- **Work instructions**
Would you retype exactly the lines from the one holding "Schmal geschnittene, leuchtend" through the last line of the listing, and only those, without pictures?

- **Records for this task**

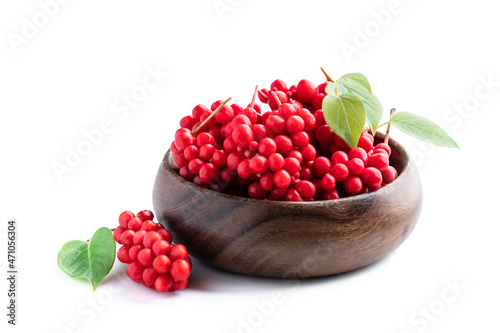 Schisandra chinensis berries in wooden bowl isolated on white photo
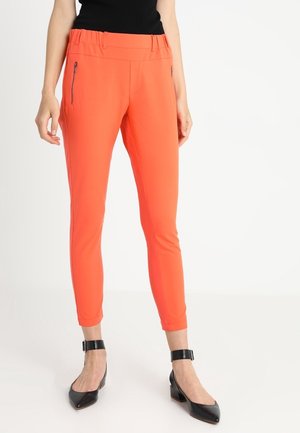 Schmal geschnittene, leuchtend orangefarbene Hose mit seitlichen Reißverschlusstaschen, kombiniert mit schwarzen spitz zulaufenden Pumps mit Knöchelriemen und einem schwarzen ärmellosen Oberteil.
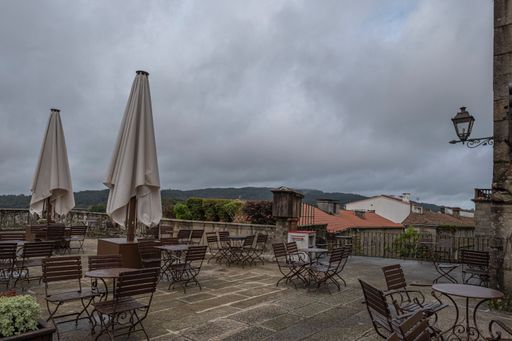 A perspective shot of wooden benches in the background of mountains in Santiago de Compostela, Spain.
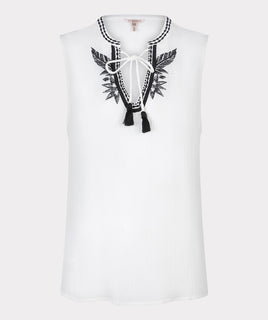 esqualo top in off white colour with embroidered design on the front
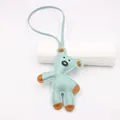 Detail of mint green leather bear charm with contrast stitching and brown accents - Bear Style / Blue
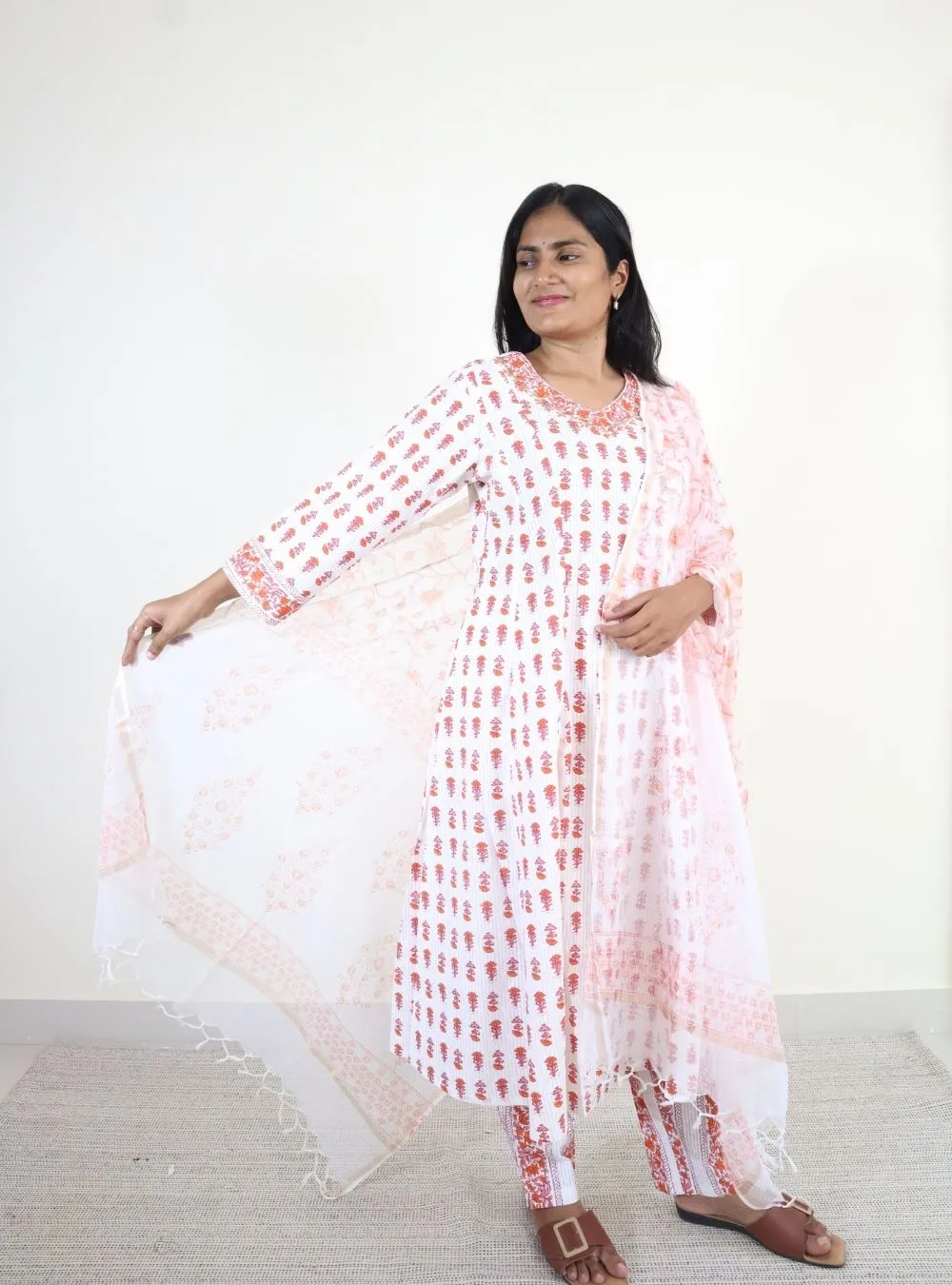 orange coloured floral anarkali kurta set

- **Expected answer**
 Schmal geschnittene, leuchtend orangefarbene Hose mit seitlichen Reißverschlusstaschen, kombiniert mit schwarzen spitz zulaufenden Pumps mit Knöchelriemen und einem schwarzen ärmellosen Oberteil.
 A perspective shot of wooden benches in the background of mountains in Santiago de Compostela, Spain.
 esqualo top in off white colour with embroidered design on the front
 Detail of mint green leather bear charm with contrast stitching and brown accents - Bear Style / Blue
 orange coloured floral anarkali kurta set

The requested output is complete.